• _TASK_: Please reproduce the data exactly, though every picture must stay out.

• _RAW DATA_:

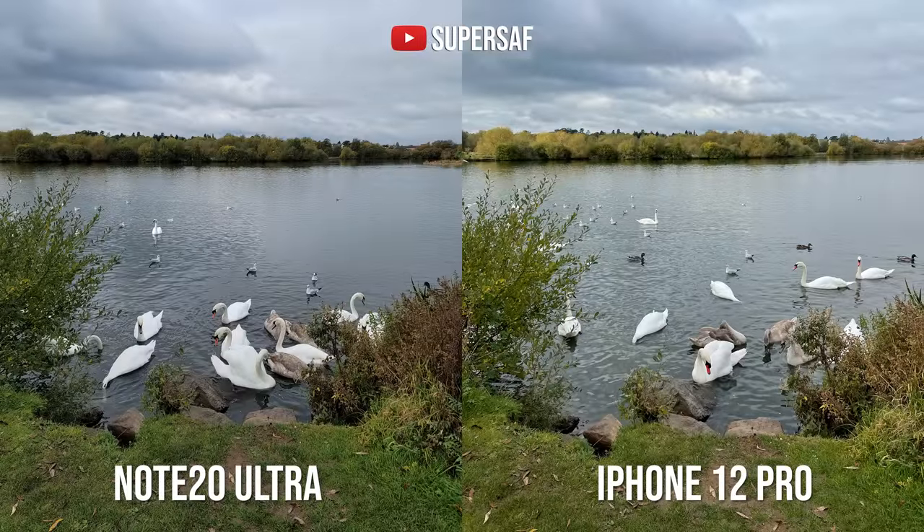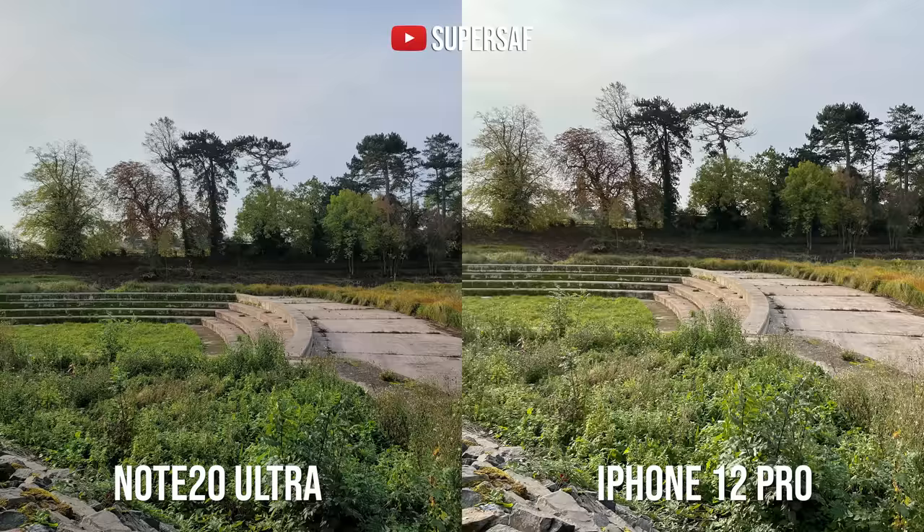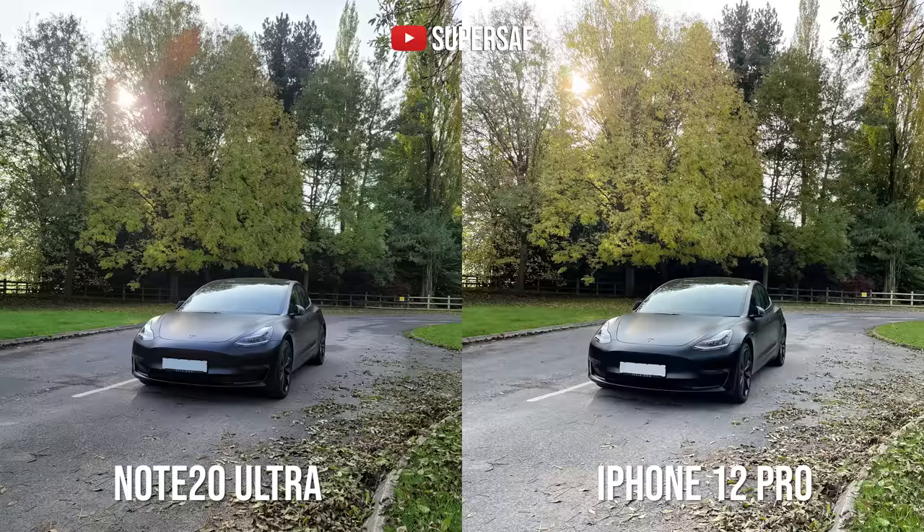I've been out and taken hundreds of images with both smartphones. In good light with the primary cameras, I think both do great. There are some differences in color — the Note 20 tends towards more vibrant, punchy colors, whereas the iPhone gives you more natural colors. But generally, both do an overall great job, and a lot of it comes down to personal preference.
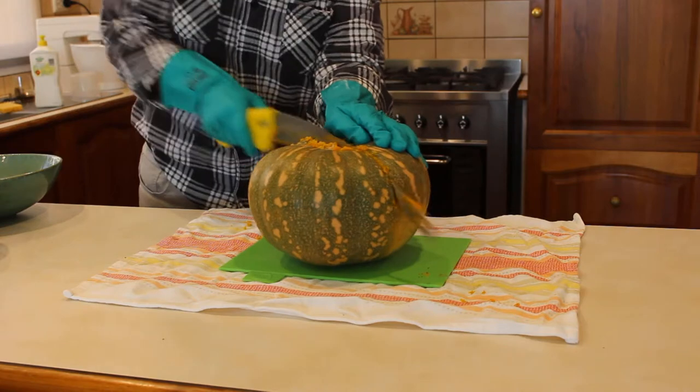You have to apply a lot of force and it is hard to keep the pumpkin in place. I remember that back in my country of birth, the people at the market cut pumpkin using a small hand saw, not a knife. I was sure I was not going to find exactly the same type of hand saw at the local warehouse, so I bought a pruning saw instead, as they look similar to the type of hand saw I remember.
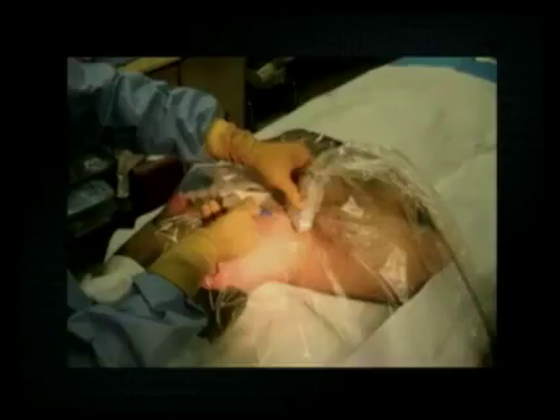Patient positioning remains the same for central venous access whether or not you're using ultrasound. But be mindful of where you place the ultrasound machine, because you will be using it in real time and you want a clear view of the screen while performing the central venous cannulation.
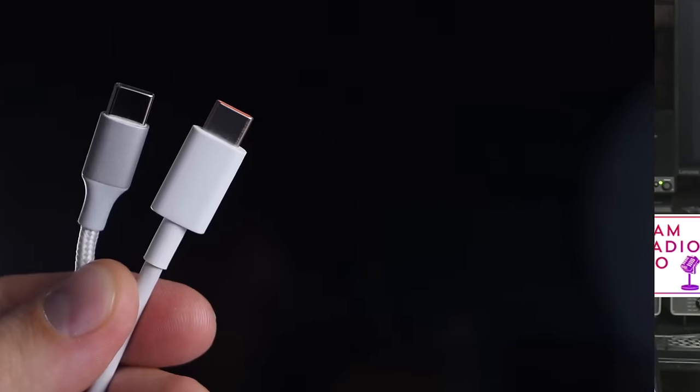The big push today is to have USB-C charging capabilities on all HT radios, and I think that's a great thing. You're going to see more HT radios in the ham radio space come along with the ability to charge via USB-C. But in the case of a Yaesu HT, you don't need it — although I have a really cool battery here that allows me to charge via USB-C, so now I can charge it two ways.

• _THE ANSWER_:
I've been out and taken hundreds of images with both smartphones. In good light with the primary cameras, I think both do great. There are some differences in color — the Note 20 tends towards more vibrant, punchy colors, whereas the iPhone gives you more natural colors. But generally, both do an overall great job, and a lot of it comes down to personal preference.
You have to apply a lot of force and it is hard to keep the pumpkin in place. I remember that back in my country of birth, the people at the market cut pumpkin using a small hand saw, not a knife. I was sure I was not going to find exactly the same type of hand saw at the local warehouse, so I bought a pruning saw instead, as they look similar to the type of hand saw I remember.
Patient positioning remains the same for central venous access whether or not you're using ultrasound. But be mindful of where you place the ultrasound machine, because you will be using it in real time and you want a clear view of the screen while performing the central venous cannulation.
The big push today is to have USB-C charging capabilities on all HT radios, and I think that's a great thing. You're going to see more HT radios in the ham radio space come along with the ability to charge via USB-C. But in the case of a Yaesu HT, you don't need it — although I have a really cool battery here that allows me to charge via USB-C, so now I can charge it two ways.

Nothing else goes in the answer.